Nobody likes this queen; I should not admire her. It shouldn’t matter to us that she smiles warmly at Isabel and me, that she rises from her great chair to come forwards and clasp my mother’s hands. We are all determined not to like her. My father had a good marriage planned for this king, a great match: a princess of France. My father worked at this, prepared the ground, drafted the marriage contract, persuaded people who hate the French that this would be a good thing for the country, would safeguard Calais, might even get Bordeaux back into our keeping, but then Edward the new king, the heart-stoppingly handsome and glamorous new king, our darling Edward—like a younger brother to my father and a glorious uncle to us—said, as simply as if he was ordering his dinner, that he was married already and nothing could be done about it. Married already? Yes, and to Her.

He did very wrong to act without my father’s advice: everyone knows that. It is the first time he has done so in the long triumphant campaign that took the House of York from shame, when they had to beg the forgiveness of the sleeping king and the bad queen, to absolute victory and the throne of England. My father has been at Edward’s side, advising and guiding him, dictating his every move. My father has always judged best for him. The king, even though he is king now, is a young man who owes my father everything. He would not have his throne if it were not for my father taking up his cause, teaching him how to lead an army, fighting his battles for him. My father risked his own life: first for Edward’s father, and then for Edward himself—and then, just when we had won, and Edward was crowned king, and everything should have been wonderful, forever—he went off and secretly married Her.

She is to lead us in to dinner, and the ladies arrange themselves carefully behind her; there is a set order and it is extremely important that you make sure to be in the right place. I am very nearly nine years old, quite old enough to understand this, and I have been taught the orders of precedence since I was a little girl in the schoolroom. Since She is to be crowned tomorrow, she goes first. From now on she will always be first in England. She will walk in front of my mother for the rest of her life, and that’s another thing that my mother doesn’t much like. Next should come the king’s mother, but she is not here. She has declared her absolute enmity to the beautiful Elizabeth Woodville and sworn that she will not witness the coronation of a commoner. Everyone knows of this rift in the royal family, and the king’s sisters fall into line without the supervision of their mother. They look quite lost without the beautiful Duchess Cecily leading the way, and the king loses his confident smile for just a moment when he sees the space where his mother should be. I don’t know how he dares to go against the duchess. She is as terrifying as my mother, she is my father’s aunt, and nobody disobeys either of them.

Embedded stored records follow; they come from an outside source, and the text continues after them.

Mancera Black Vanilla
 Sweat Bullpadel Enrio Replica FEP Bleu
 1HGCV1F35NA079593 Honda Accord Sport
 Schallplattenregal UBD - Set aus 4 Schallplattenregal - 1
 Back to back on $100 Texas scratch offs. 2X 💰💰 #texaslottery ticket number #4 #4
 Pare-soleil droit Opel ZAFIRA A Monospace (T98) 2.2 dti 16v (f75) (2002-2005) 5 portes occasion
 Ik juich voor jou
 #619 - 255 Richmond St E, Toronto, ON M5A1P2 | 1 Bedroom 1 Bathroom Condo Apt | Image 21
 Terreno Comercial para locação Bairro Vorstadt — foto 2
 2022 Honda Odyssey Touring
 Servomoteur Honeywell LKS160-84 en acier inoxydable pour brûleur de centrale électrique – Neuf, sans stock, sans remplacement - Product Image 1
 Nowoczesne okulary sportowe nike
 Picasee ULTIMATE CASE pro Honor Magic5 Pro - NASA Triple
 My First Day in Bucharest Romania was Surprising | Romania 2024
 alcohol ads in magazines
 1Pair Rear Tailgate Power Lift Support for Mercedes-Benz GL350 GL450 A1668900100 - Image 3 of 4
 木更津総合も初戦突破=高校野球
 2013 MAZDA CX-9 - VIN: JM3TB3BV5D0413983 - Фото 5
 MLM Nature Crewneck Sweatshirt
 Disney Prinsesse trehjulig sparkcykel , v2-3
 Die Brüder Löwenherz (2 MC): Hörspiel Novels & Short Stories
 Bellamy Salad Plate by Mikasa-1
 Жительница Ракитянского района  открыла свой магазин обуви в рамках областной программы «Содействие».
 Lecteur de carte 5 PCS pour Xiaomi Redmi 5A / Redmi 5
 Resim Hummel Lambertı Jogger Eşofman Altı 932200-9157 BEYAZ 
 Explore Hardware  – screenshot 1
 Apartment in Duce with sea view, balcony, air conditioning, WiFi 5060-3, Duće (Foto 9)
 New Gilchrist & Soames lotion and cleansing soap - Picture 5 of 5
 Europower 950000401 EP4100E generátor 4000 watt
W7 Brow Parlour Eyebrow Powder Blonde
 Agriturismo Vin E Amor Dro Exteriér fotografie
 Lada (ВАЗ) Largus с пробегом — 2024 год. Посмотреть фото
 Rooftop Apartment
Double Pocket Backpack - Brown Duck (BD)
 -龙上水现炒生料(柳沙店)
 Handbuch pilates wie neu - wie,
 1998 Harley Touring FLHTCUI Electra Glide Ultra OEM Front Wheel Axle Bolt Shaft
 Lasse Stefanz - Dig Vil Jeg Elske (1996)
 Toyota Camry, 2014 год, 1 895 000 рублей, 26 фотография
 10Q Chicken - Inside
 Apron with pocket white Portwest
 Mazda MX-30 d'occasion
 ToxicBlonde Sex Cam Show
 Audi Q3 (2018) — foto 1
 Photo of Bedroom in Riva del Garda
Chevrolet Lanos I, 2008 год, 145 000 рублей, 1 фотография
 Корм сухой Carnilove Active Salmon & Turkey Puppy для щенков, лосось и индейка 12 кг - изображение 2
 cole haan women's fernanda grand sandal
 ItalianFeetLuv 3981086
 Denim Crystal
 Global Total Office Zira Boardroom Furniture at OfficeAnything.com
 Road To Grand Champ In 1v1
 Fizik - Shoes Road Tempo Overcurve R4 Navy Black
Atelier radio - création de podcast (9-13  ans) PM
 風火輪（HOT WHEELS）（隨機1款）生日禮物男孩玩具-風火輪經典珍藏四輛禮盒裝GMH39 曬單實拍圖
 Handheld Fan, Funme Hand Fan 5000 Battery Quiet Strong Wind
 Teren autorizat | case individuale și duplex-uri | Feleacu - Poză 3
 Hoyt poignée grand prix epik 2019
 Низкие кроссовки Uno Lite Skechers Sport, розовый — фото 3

All I can think is that the king must be very much in love with the new queen to defy his mother. He must really, really love her.

The queen’s mother is here, though, no chance that she would miss such a moment of triumph. She steps into her place with her army of sons and daughters behind her, her handsome husband, Sir Richard Woodville, at her side. He is Baron Rivers, and everyone whispers the joke that the rivers are rising. Truly, there are an unbelievable number of them. Elizabeth is the oldest daughter, and behind her mother come the six sisters and five brothers. I stare at the handsome young man John Woodville, beside his new wife, looking like a boy escorting his grandmother. He has been bundled into marriage with the Dowager Duchess of Norfolk, my great-aunt Catherine Neville. This is a disgrace; my father himself says so. My lady, great-aunt Catherine is ancient, a priceless ruin, nearly seventy years old, and John is a young man of twenty. My mother says this is how it is going to be if you put a gannet on the throne of England—she will gobble up everything.